4.1. Replication of the negative syndrome

Similar to many other recent results using factor analysis of positive and negative symptoms (Peralta et al., 1992), the familial sample used in the current study produced a three factor solution which explained 71.5% of the total variance among the items and contained a negative symptom cluster with factor-specific loadings. The presence in a familial sample of a cluster of negative symptoms is additional evidence of the importance of these symptoms in schizophrenia. In addition, an important feature of studies which use relatives, including the current investigation, is that since few or no relatives are depressed, institutionalized or on neuroleptics, the issue of secondary negative symptoms is minimized (Tsuang et al., 1991). The current study added to the growing body of literature which has consistently found a negative symptom grouping, using a variety of assessment instruments, in samples of schizophrenia alone and in samples including relatives (McGuffin et al., 1991; Tsuang et al., 1991; Bassett et al., 1993).

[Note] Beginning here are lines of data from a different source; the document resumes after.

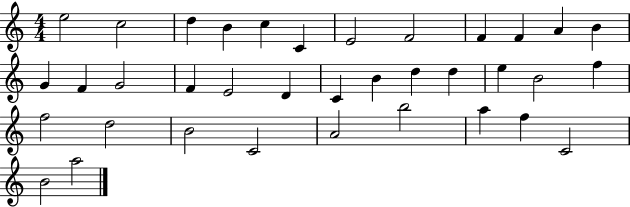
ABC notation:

X:1
T:Untitled
M:4/4
L:1/4
K:C
e2 c2 d B c C E2 F2 F F A B G F G2 F E2 D C B d d e B2 f f2 d2 B2 C2 A2 b2 a f C2 B2 a2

4.2. Positive and disorganization syndromes: differences to Liddle’s model

In contrast, the grouping of positive symptoms across studies is less consistent (Peralta et al., 1992). Strauss et al.’s (1974) initial proposal for three categories of schizophrenic symptoms included a positive symptom grouping with ‘positive’ thought form disorder, delusions and hallucinations. However, results obtained from factor analyses (Bilder et al., 1985; Liddle, 1987a) have delineated a positive symptom factor (delusions–hallucinations) and a separate thought disorder (disorganization) factor for chronic schizophrenia. In the present study, delusions and hallucinations clustered together with two disorganization items (thought disorder and inappropriate affect). The items suspiciousness and stereotyped thinking, which were considered as positive and disorganization symptoms respectively (Table 1), formed their own factor. There are several possible reasons for these differences from the Liddle (1987a) model.

4.3. Sample considerations

There may be features specific to the present study that produced the results. The sample comprised individuals with a broad range of lifetime diagnoses, some of whom had no history of psychiatric illness. If a putative schizophrenia gene segregates in an autosomal dominant-like manner, one would expect that approximately half of the individuals in these families would carry such a gene. However, due to reduced penetrance some family members may not express even mild clinical features. The presence of multiple ‘normals’ in the factor analysis could alter the solution by attenuating correlations and thereby reducing the chance of replicating the findings of previous studies. The relatively small sample size could also contribute to this outcome. Alternatively, data from this diagnostically heterogeneous familial sample could result in a different but fruitful factor solution. The latter possibility appears to be more likely because the factor analysis did delineate three factors, each containing items that may be considered to be on a continuum with normal behavior. These could therefore indicate underlying quantitative traits of genetic interest.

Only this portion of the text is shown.